RACHEL MARTIN, HOST:

This is WEEKEND EDITION from NPR News. I'm Rachel Martin. Five weeks before she was set to graduate from college, Amy Butcher found herself on the periphery of a murder. She and her friend Kevin had been hanging out one night, as they often did. Hours after Kevin left Amy, he stabbed his girlfriend to death. That night would haunt Amy Butcher for years afterwards, a haunting that became a debilitating obsession. Amy Butcher has written about that experience in her debut book. It is called "Visiting Hours: A Memoir Of Friendship And Murder." She joins us from the studios of WOSU in Columbus, Ohio.

Amy, thanks so much for being with us.

AMY BUTCHER: Thank you so much for having me, Rachel.

MARTIN: Let me start off by just asking you to describe what you remember about that night because it's been several years now. What details stand out to you?

BUTCHER: In a lot of ways this is just a typical kind of college night. Kevin and I had gone out with a group of friends to the place that we always went, which was the Blue Parrot Bistro in Gettysburg, Pa. We had - I had a glass of wine. I believe Kevin had a gin and tonic. He walked me home. He said good night to me. And that was the last time that I would ever see him outside of prison.

MARTIN: Who was Kevin Schaeffer? What was he like?

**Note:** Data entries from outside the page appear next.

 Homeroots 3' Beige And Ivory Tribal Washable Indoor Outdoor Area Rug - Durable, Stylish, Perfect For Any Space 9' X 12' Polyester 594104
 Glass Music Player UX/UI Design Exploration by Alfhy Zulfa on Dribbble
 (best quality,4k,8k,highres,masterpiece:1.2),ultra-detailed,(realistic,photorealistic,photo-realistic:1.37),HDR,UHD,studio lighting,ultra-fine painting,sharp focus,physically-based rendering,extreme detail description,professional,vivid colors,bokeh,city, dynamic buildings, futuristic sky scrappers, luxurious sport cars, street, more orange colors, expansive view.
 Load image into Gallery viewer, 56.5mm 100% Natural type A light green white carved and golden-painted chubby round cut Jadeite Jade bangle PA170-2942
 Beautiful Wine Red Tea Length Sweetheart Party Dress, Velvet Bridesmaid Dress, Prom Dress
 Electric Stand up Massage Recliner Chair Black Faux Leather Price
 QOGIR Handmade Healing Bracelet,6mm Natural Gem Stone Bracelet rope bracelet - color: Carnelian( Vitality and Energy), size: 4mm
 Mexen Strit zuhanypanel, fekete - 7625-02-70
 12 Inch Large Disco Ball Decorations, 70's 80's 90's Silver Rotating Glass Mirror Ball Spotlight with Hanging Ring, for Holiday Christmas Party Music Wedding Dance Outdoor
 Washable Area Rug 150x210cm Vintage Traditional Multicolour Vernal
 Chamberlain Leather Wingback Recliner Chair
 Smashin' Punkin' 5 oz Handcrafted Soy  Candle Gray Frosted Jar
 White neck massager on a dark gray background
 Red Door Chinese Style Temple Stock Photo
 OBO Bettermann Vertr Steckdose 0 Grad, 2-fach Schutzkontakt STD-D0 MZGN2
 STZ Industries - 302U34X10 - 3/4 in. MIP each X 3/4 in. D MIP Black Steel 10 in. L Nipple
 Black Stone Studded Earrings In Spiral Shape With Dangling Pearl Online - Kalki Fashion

BUTCHER: Kevin was someone that I met, really, immediately upon arriving at Gettysburg College. He was very driven, very intelligent. He thought before he spoke. He was not sort of one of these outlandish, kind of aggressive college freshmen. And he had a very easy presence that I found, you know, very comforting those first few weeks and into the four years of college.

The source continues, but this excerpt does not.